Decision-Focused Learning via Tangent-Space Projection of Prediction Error
For practitioners of decision-focused learning, this provides a computationally efficient and theoretically grounded alternative to existing regret gradient methods, improving both decision quality and training speed.
The paper proposes PEAR, a method that computes regret gradients for Decision-Focused Learning by projecting prediction error onto the tangent space of active constraints, avoiding expensive differentiation through solvers. Experiments show PEAR achieves the best decision quality among baselines while being the most computationally efficient, with gains persisting under constraint shifts.
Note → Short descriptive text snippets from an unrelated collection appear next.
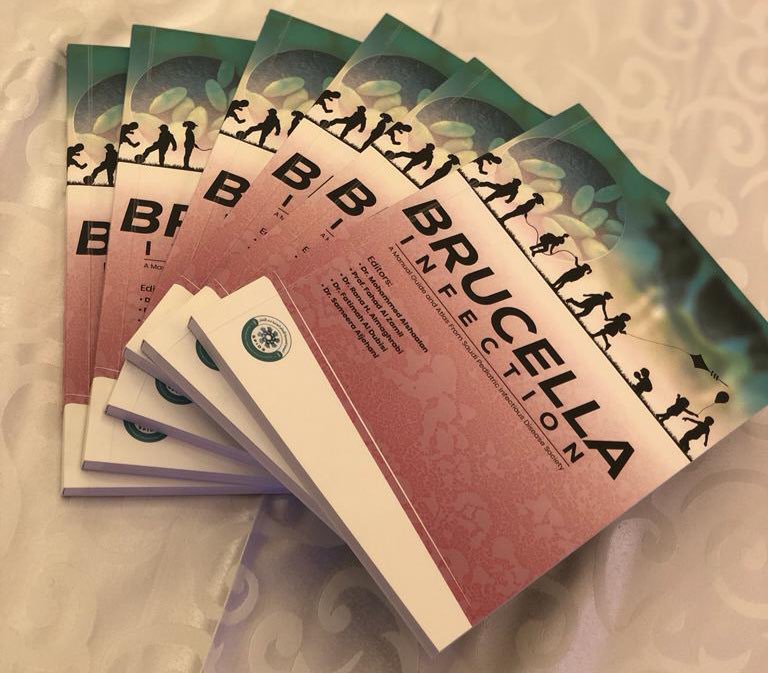 <a href="/SPIDS_1/">SPIDS</a> تحتفل باصدار أول كتاب للجمعية والذي يتحدث عن الحمى المالطية وذلك  بتشريف الأمين العام للهيئة السعودية للتخصصات الصحية، الرئيس التنفيذي للمركز الوطني لتخطيط القوى العاملة الصحية بالهيئة الدكتور زياد نقشبندي و عدد من أطباء الامراض المعدية لدى الاطفال من مختلف مناطق المملكة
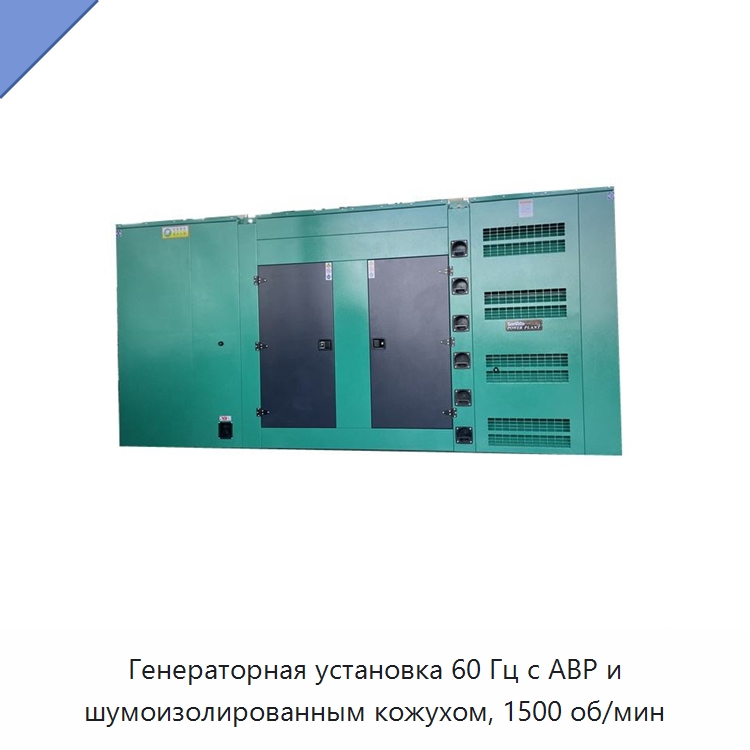 Генераторная установка 60 Гц с АВР и шумоизолированным кожухом, 1500 об/мин — Дизельные генераторы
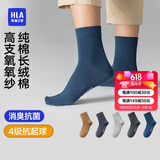 海澜之家袜子男女中筒纯棉100%棉抗菌消臭抗起球纯色运动休闲中长袜5双装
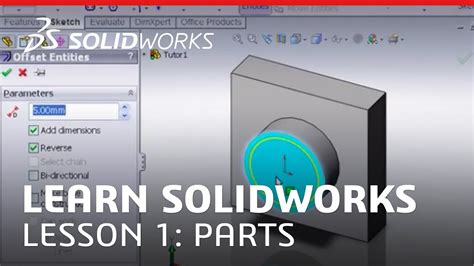 【北京学习SolidWorks技术】
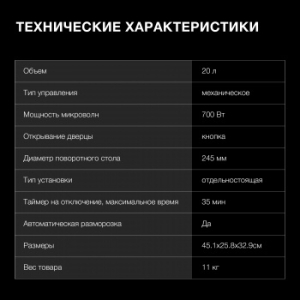   Hyundai HYM-M2010 20. 700 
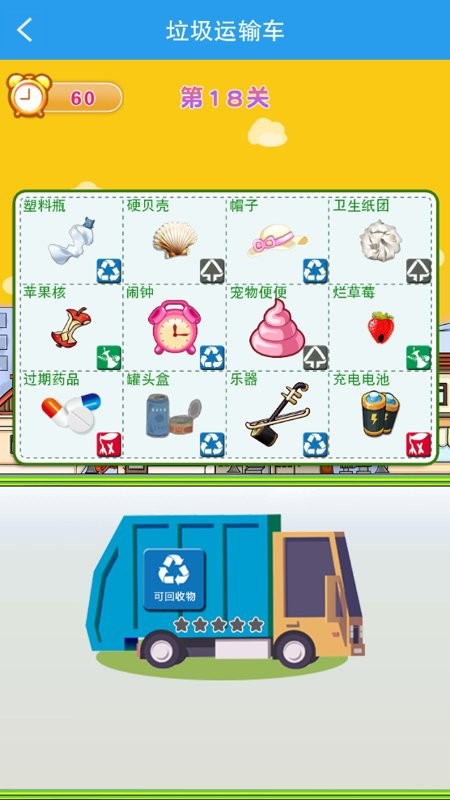 垃圾分类闯关(2)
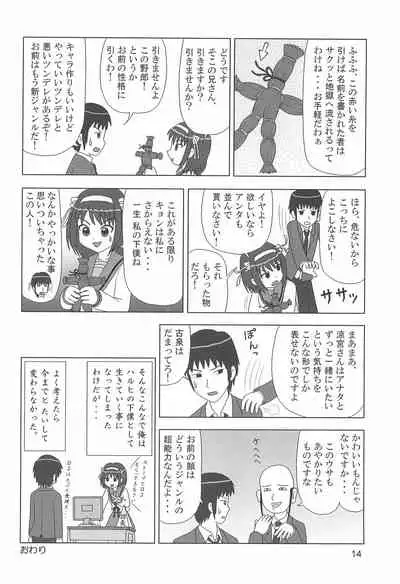 (C70) [Mutekei Fire (Various)] Tareme Paradise 13 (Various)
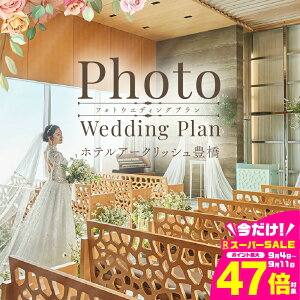 yӂ邳Ɣ[ŁzzeA[NbVL PHOTO WEDDING PLANihXj  LO 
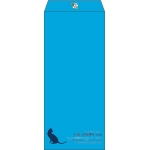 【既製品】長4(90x205mm)（〒枠なし）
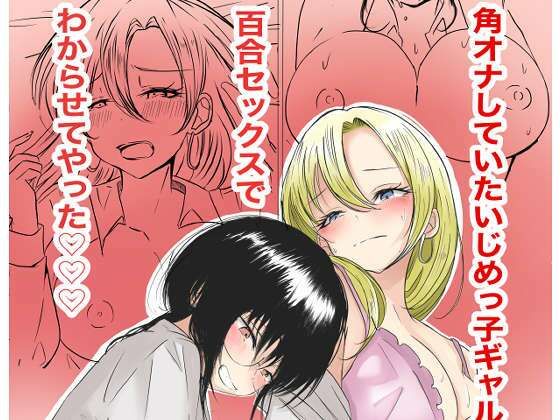 角オナしていたいじめっ子ギャルを百合セックスでわからせてやった  エロ画像733156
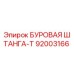 92003166 БУРОВАЯ ШТАНГА-T Epiroc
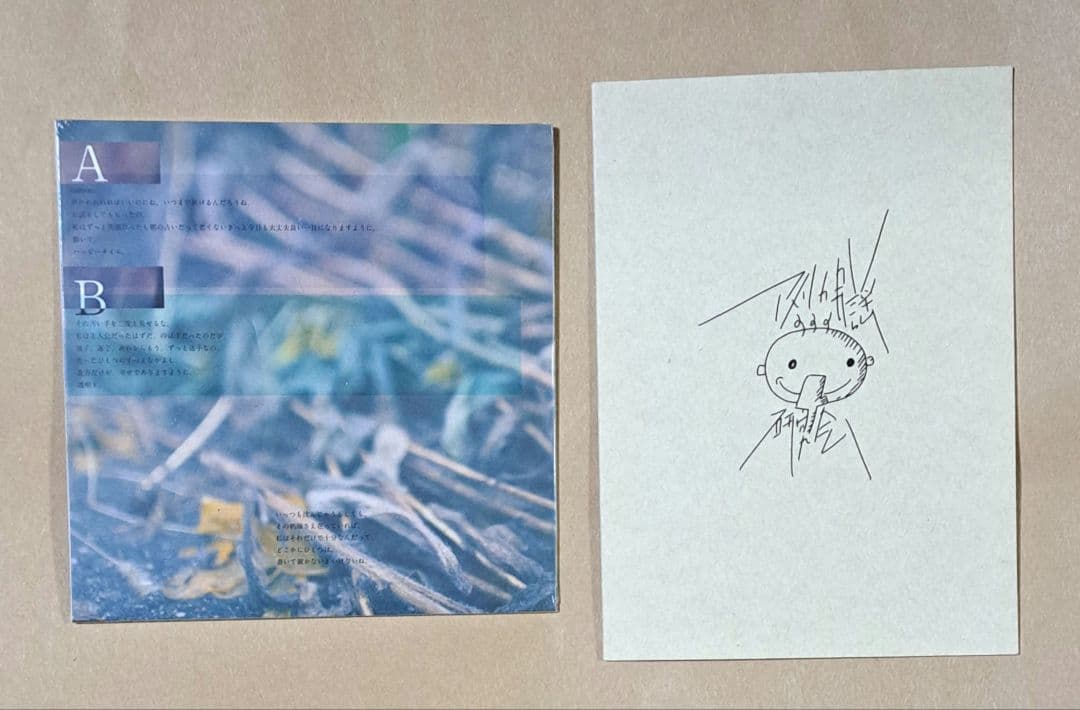 アメリカ民謡研究会【息をして。音を、歌うから。(CD&ライナーノーツ)】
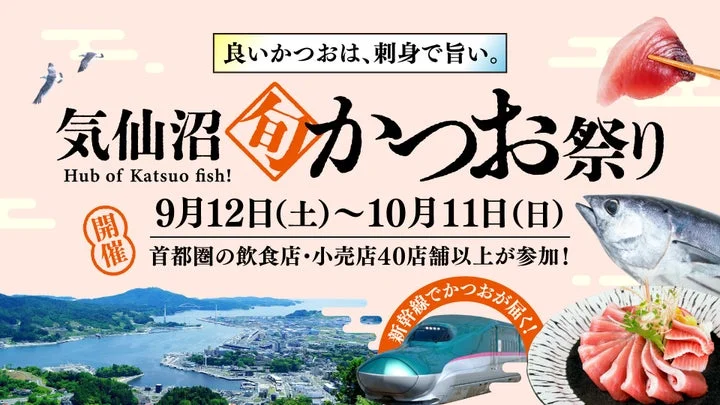 気仙沼旬かつお祭りの告知ビジュアル。期間、参加店舗数、新幹線輸送、かつおの刺身と漁港の風景が描かれる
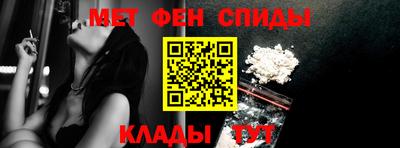 марихуана Свободный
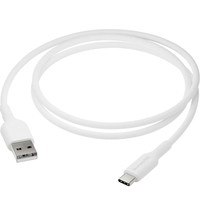 Dbramante1928 Re-Charge kabel USB-A til USB-C 1m hvid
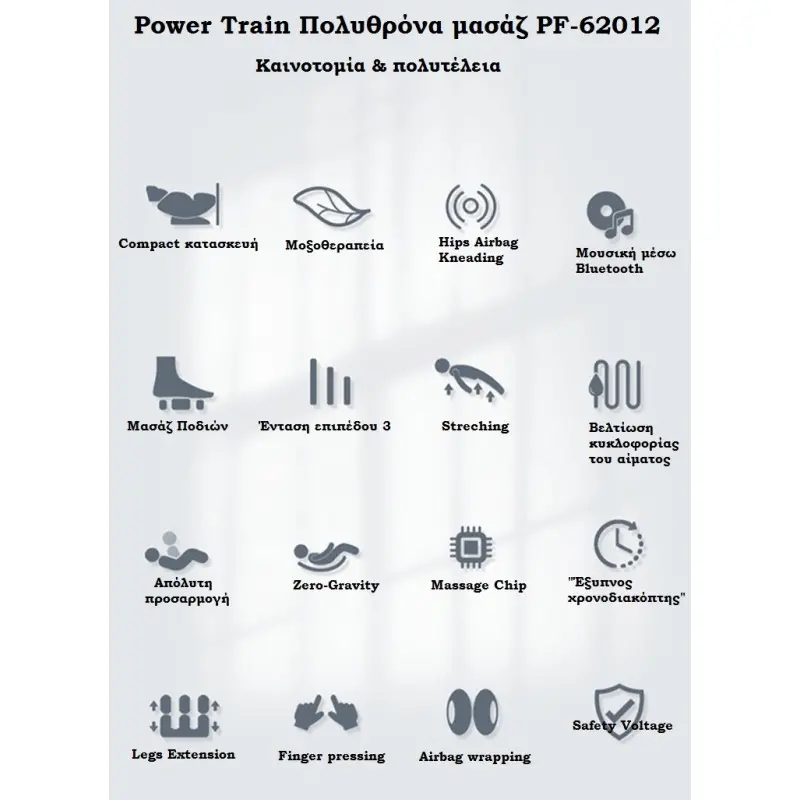 Power Train Πολυθρόνα μασάζ PF-62012 - Σε 12 Άτοκες Δόσεις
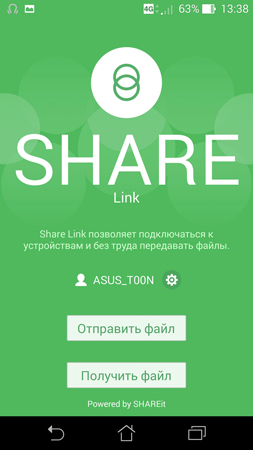 253x450  64 KB. Big one: 844x1500  365 KB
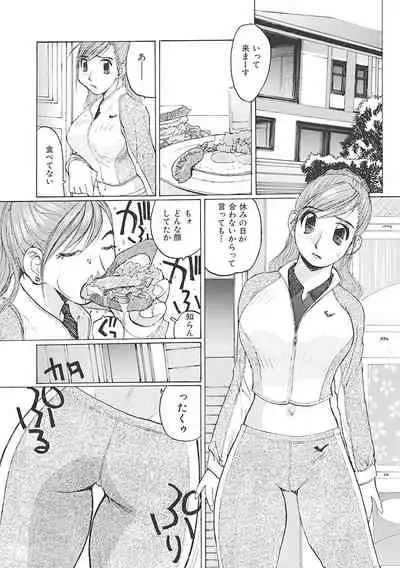 Boku wa Mama no Dorei
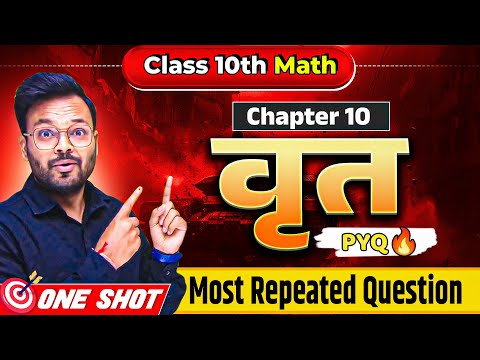 Class 10 Math Chapter 10 वृत्त One Shot | Most important Questions | Mathematics Analysis Class 10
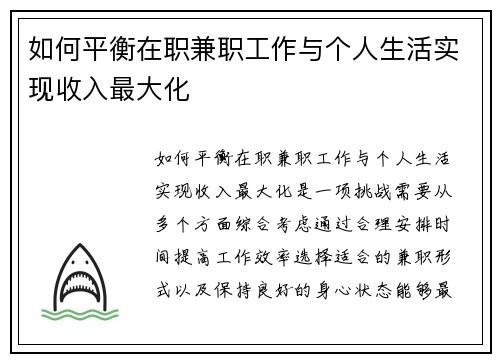 如何平衡在职兼职工作与个人生活实现收入最大化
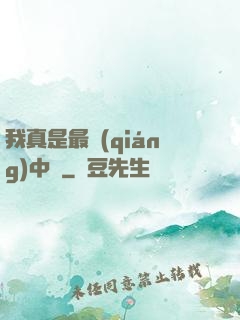 我真是最強(qiáng)中單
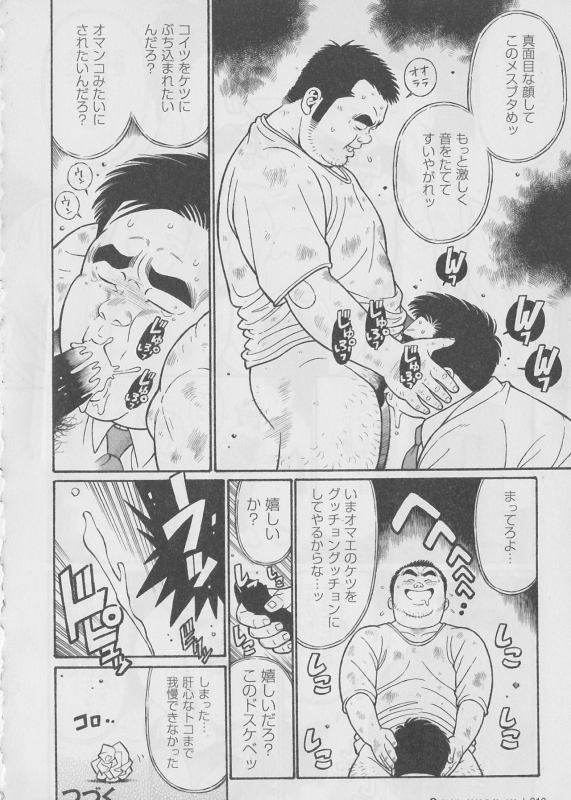 [Kujira] Hitori Zyouzu_09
Decision-Focused Learning (DFL) trains predictors to improve downstream decision quality, but computing regret gradients typically requires differentiating through solvers or relying on surrogate losses, which can be computationally expensive or deviate from the true objective. We show that, under standard regularity with locally stable active constraints, the regret gradient admits a closed-form geometric characterization, equivalent to the prediction error projected onto the tangent space of active constraints, scaled by local curvature. This reveals that regret gradients can be obtained by filtering decision-irrelevant components from the MSE gradient, providing a simpler and more direct alternative to existing approaches. Based on this, we propose PEAR (Projected Error As Regret-gradient), which computes regret gradients via a reduced linear system over active constraints, avoiding differentiation through solver iterations or additional optimization solves. Experiments on LP benchmarks and a real-world QP task show that PEAR achieves the best decision quality among all baselines while being the most computationally efficient, with gains that persist under constraint shifts.